Thursday, July 30, 2020

Snort rule update for July 30, 2020

The newest Cisco Talos rule release for SNORTⓇ is here.

The latest release includes 21 new rules, four shared object rules and one modified shared object rule.

This release includes new coverage for several different malware families, including the Nanocore RAT and Gh0stRAT. There is also protection against the exploitation of a recently disclosed critical vulnerability in Cisco's Data Center Network Manager.

Tuesday, July 28, 2020

Snort rule update for July 28, 2020

This morning, Cisco Talos released a new rule update for SNORTⓇ.

The latest release includes 14 new rules and six new shared object rules.

This release includes several new rules to protect against the Hakbit ransomware attack that researchers discovered last month. Hakbit, so far, has targeted numerous organizations in Europe via phishing emails with malicious Excel files attached.

Thursday, July 23, 2020

Snort rule update for July 23, 2020

This morning, Cisco Talos released a new rule update for SNORTⓇ.

The latest release includes 30 new rules, four modified rules and seven new shared object rules.

Today's release provides coverage to protect against the Prometei botnet. Talos discovered this botnet mining Monero cryptocurrency recently. For more information, check out all of Talos' research here.

Tuesday, July 21, 2020

Snort rule update for July 21, 2020

There is a new SNORTⓇ rule update available this morning from Cisco Talos.

The latest release includes six new rules, five modified rules and 10 new shared object rules.

Today's release continues our coverage of Microsoft Patch Tuesday. There are new rules that defend against vulnerabilities in Microsoft WalletService that the company disclosed last Tuesday.

Thursday, July 16, 2020

Snort rule update on July 16, 2020 — Additional coverage for Windows DNS vulnerability

Cisco Talos released a second rule update for SNORTⓇ on Thursday, providing additional rules to cover a critical vulnerability in Windows DNS.

Microsoft first disclosed CVE-2020-1350 on Tuesday as part of its monthly security update. While there was one Snort rule released Tuesday to defend against the exploitation of this bug, we have since expanded our coverage with three new rules released today. The vulnerability received a severity score of 10 out of the maximum 10. An adversary could exploit this bug to infect Windows servers with malware and create malicious DNS queries.

Snort rule update for July 16, 2020

Cisco Talos released the latest rule update for SNORTⓇ this afternoon, coinciding with Microsoft Patch Tuesday.

The latest release includes 16 new rules, two modified rules and 23 new shared object rules.
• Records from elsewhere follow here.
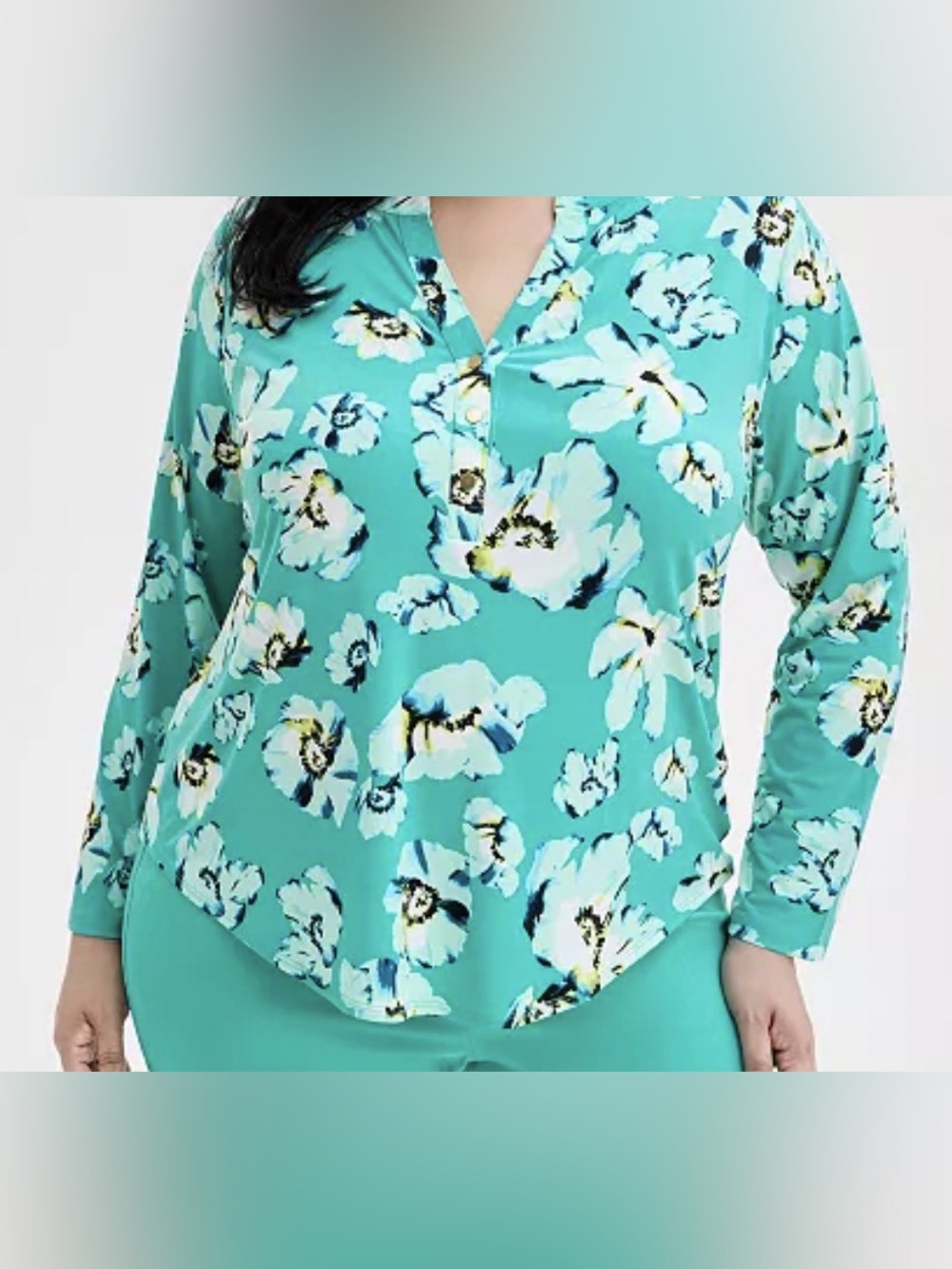 INC International Concepts Teal Floral Button-Front Long Sleeve Top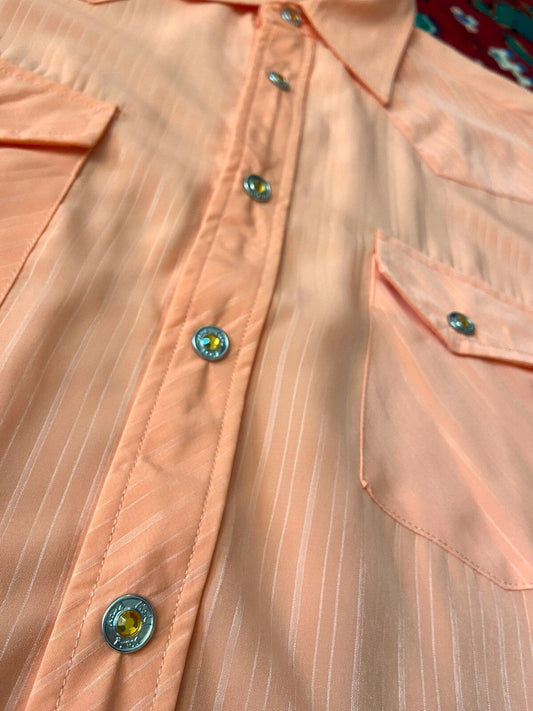 Vintage 1980s Peach Western Shirt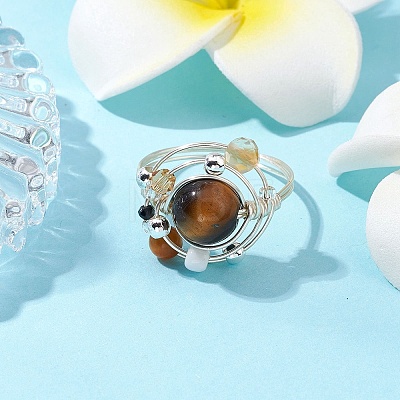 Planet Natural Amethyst & Tiger Eye & Citrine & Apatite & Green Aventurine Finger Rings RJEW-TA00165-1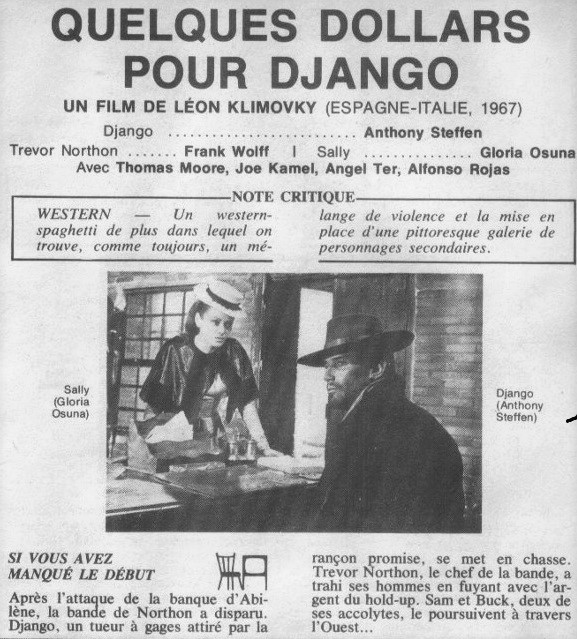 Quelques Dollars pour Django - Pochi dollari per Django  - 1966 - Leon Klimosky - Page 2 Quelqu10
Today's release provides several rules to protect users against vulnerabilities Cisco recently disclosed in its RV series of routers and switches. Adversaries could use these bugs to obtain administrative-level privileges on the devices.

Tuesday, July 14, 2020

Snort rule update for July 14, 2020

Cisco Talos released the latest rule update for SNORTⓇ this afternoon, coinciding with Microsoft Patch Tuesday.

The latest release includes 35 new rules, two modified shared object rules and six new shared object rules.

This release provides coverage for many of the vulnerabilities Microsoft disclosed Tuesday as part of its monthly security update. Most notably, there is a DNS vulnerability that was assigned a severity 10 out of 10. Talos also discovered six critical bugs included this month which affected AMD and Intel chips.

Thursday, July 9, 2020

Snort rule update from July 9, 2020

This morning, Cisco Talos released the latest rule update for SNORTⓇ.

The latest release includes 1six new rule, two modified rules and 12 new shared object rules.

This release provides another rule covering the major vulnerability in F5 BIG-IP that's made headlines over the past week. Adversaries are using this vulnerability to target big-name organizations using the BIG-IP service.

Monday, July 6, 2020

Snort rule update for July 6 includes coverage for F5 BIG-IP vulnerability

Cisco Talos just released Snort coverage for a prominent vulnerability in F5’s BIG-IP.

BIG-IP is one of the most popular networking products on the modern market. This product is used to shape web traffic, access gateways, limit rates and much more. F5 disclosed a remote code execution over the weekend that was assigned a maximum 10 out of 10 severity score.

CVE-2020-5902 is a remote code execution vulnerability in BIG-IP's configuration interface. Users are urged to make their interfaces inaccessible to the internet and patch as soon as possible. The latest Snort rule set also includes rules 54462 to protect users from the exploitation of this vulnerability.

Thursday, July 2, 2020

Snort rule update from July 2, 2020

This morning, Cisco Talos released the latest rule update for SNORTⓇ.

The latest release includes 11 new rules and four new shared object rules.

This release provides new coverage against the NetWire trojan. Adversaries have recently been exploiting an old Microsoft Equation Editor vulnerability — CVE-2017-1182 — to deliver this malware as the final payload.